Task details — Return exactly, with nothing added, the lines from the one that contains "Unique Design Big" through the end of the listing below, pictures excluded.

(Beginning of Provided data)

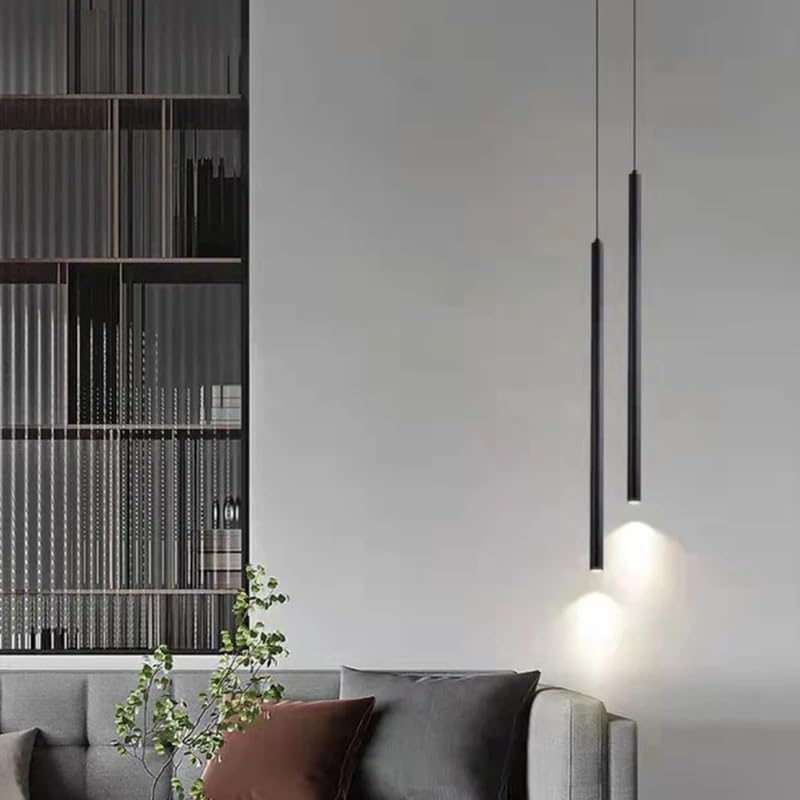 Lampe suspendue noire à 2 lampes en cuivre minimaliste pour salon et chevet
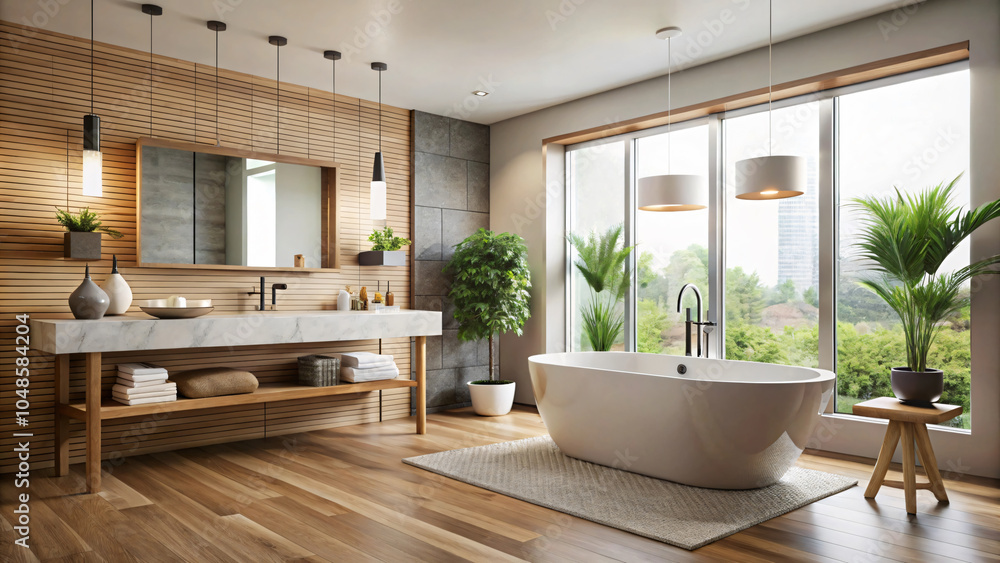 Fototapeta premium Modern Minimalist Bathroom with Natural Light
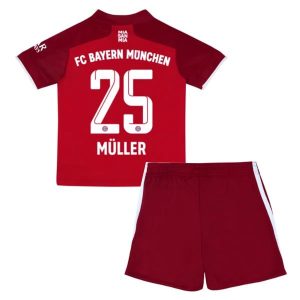 FC Bayern München Müller 25 Dječji Komplet Dresovi za Nogomet Domaći 2021-2022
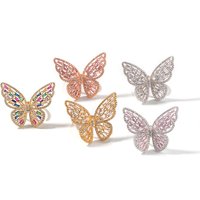 Unique Design Big butterfly Geometric Gypsophila Women Finger Rings Diamond Bling Rose Gold Color Sterling Silver Thin Tail Ring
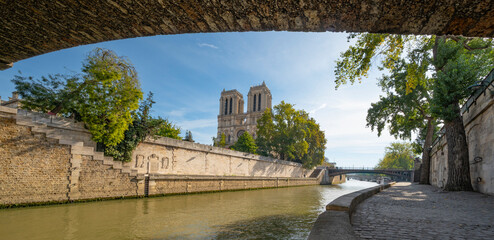 View of Notre dame de Paris and Seine river in Paris, France. High quality photo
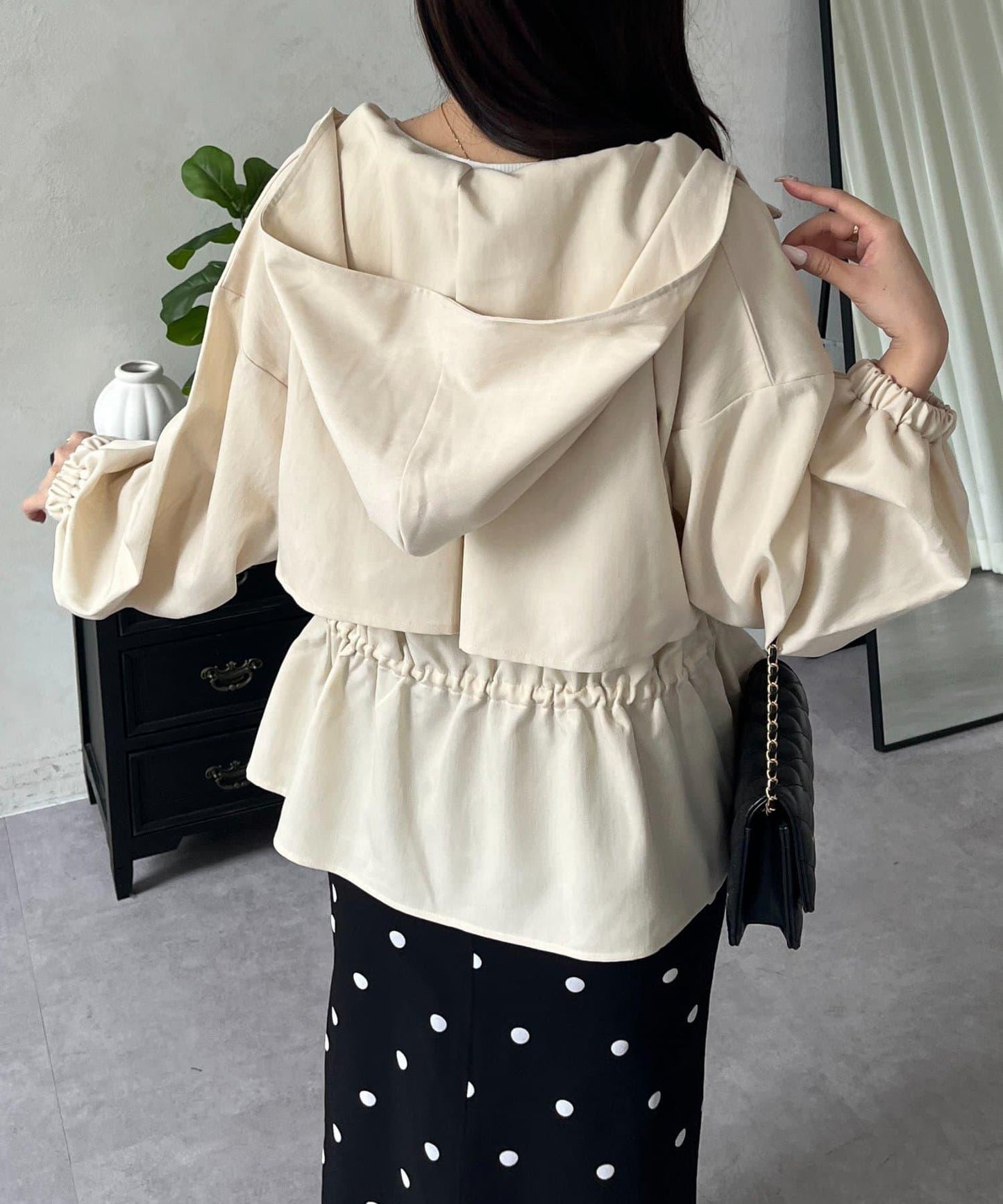 防曬 後背抽繩 荷葉擺 戶外風衣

(End of Provided data)

The answer —
 Unique Design Big butterfly Geometric Gypsophila Women Finger Rings Diamond Bling Rose Gold Color Sterling Silver Thin Tail Ring
 View of Notre dame de Paris and Seine river in Paris, France. High quality photo
 防曬 後背抽繩 荷葉擺 戶外風衣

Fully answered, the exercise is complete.